[WHAT IS EXPECTED]
Exactly the lines below from the one with "NEXRAD radar-signature map" up to and including the one with "PillSip™ 💊 - Botella" make up the answer, with nothing else added.

[DATA PROVIDED]
* * * *

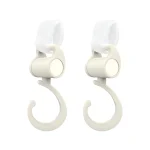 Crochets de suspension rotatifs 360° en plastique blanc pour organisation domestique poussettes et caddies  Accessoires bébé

* * * *

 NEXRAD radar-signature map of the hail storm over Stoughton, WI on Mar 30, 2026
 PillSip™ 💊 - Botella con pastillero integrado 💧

* * * *

[FINAL ANSWER]
 NEXRAD radar-signature map of the hail storm over Stoughton, WI on Mar 30, 2026
 PillSip™ 💊 - Botella con pastillero integrado 💧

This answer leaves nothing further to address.